If anything, the corporate backlash has elevated the Shakespeare play to a level of national discourse it might not’ve otherwise achieved: the production received a standing ovation when it opened in Central Park last night.
The idea of the production sparked social media outrage from the Right, with people (including Breitbart — surprise!) rushing to equate it to the likes of Kathy Griffin’s far more contextless beheading photo. (Which, you know, didn’t occur within a highly nuanced political morality play, and was purely stupid, though also highly undeserving of the attention it got from any side.) The condemnation echoed across Twitter until someone called Delta out for sponsoring it — and from there, they buckled under pressure. As the New York Times reports, Bank of America, also a sponsor, quickly followed suit — though unlike Delta, they only pulled their sponsorship from this production. Delta, rather, declared a more overarching dissociation:
Their artistic and creative direction crossed the line on the standards of good taste. We have notified them of our decision to end our sponsorship as the official airline of the Public Theater effective immediately.
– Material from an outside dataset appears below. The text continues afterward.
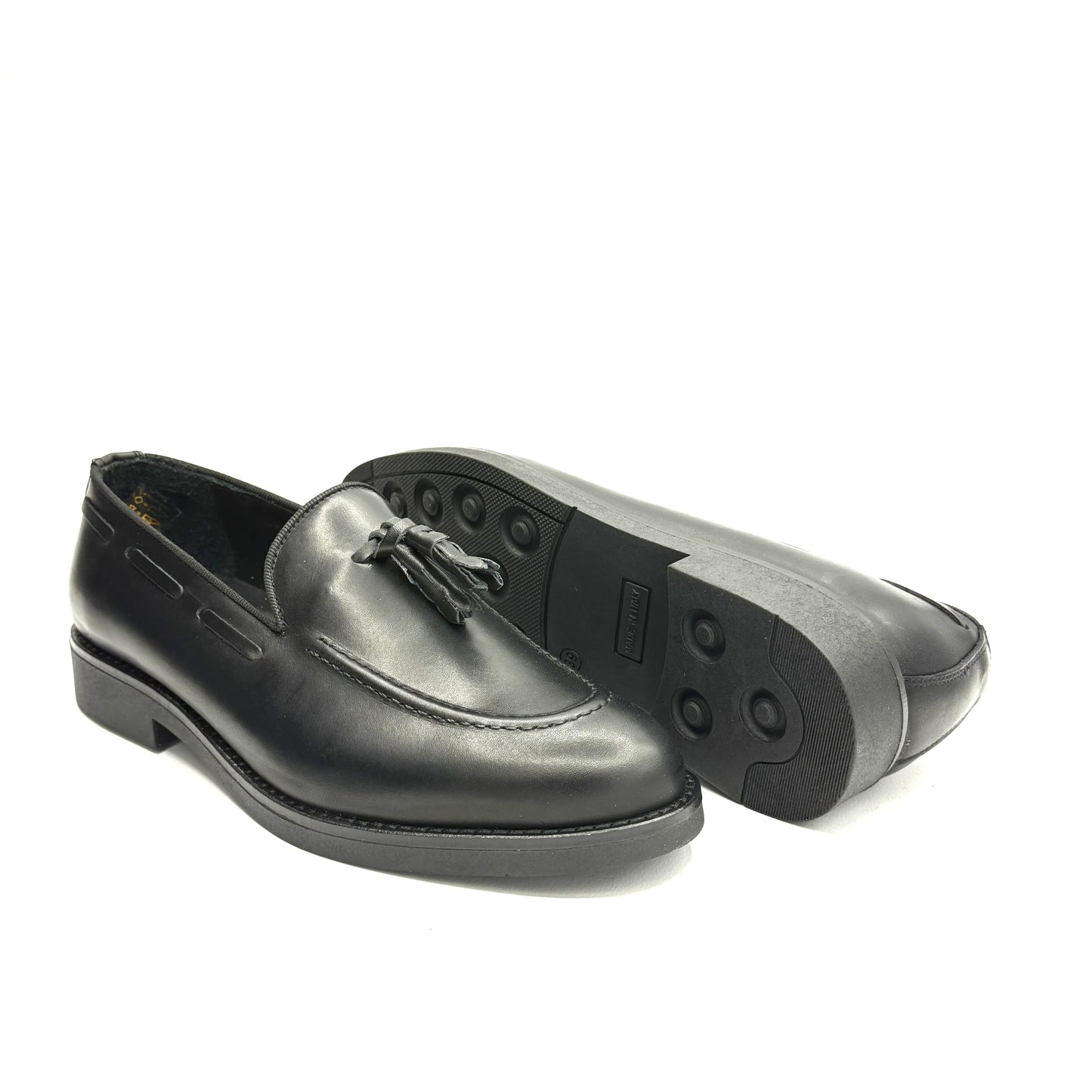 Mocassino Nappine in Pelle Di Vitello Nero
Now the National Endowment for the Arts — who’s currently being threatened by the Trump administration’s budget proposal — is seeing it necessary to go to clarify their distance from the production. As Deadline reports, they released a statement:
The National Endowment for the Arts makes grants to nonprofit organizations for specific projects. In the past, the New York Shakespeare Festival has received project-based NEA grants to support performances of Shakespeare in the Park by the Public Theater. However, no NEA funds have been awarded to support this summer’s Shakespeare in the Park production of Julius Caesar and there are no NEA funds supporting the New York State Council on the Arts’ grant to Public Theater or its performances.
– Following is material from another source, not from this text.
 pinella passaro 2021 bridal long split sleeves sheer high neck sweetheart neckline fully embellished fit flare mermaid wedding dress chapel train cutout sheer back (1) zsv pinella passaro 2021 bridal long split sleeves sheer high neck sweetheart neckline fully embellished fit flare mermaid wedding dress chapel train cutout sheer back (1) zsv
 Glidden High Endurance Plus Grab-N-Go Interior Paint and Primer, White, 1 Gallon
Interestingly, as Mic points out, Delta had also sponsored the Guthrie Theater (another important theater nonprofit) five years ago, during a production of the play wherein many critics interpreted the production as an Obama allegory. It’s unclear how obvious this implication was beyond the fact that the lead actor playing Caesar was tall and black; similarly, the Public production never refers to the character as Trump, but physical clues and his Slovenian-accented wife very blatantly evoke our dear leader. Back in 2012, Delta did not withdraw, or even threaten to withdraw, their funding, and there was no social media backlash. (Granted, the political importance of social media backlash has developed exponentially over in the last five years.) And from a cursory glance I just took, it looks like the NEA also donated a $25,000 grant to the Guthrie in 2012.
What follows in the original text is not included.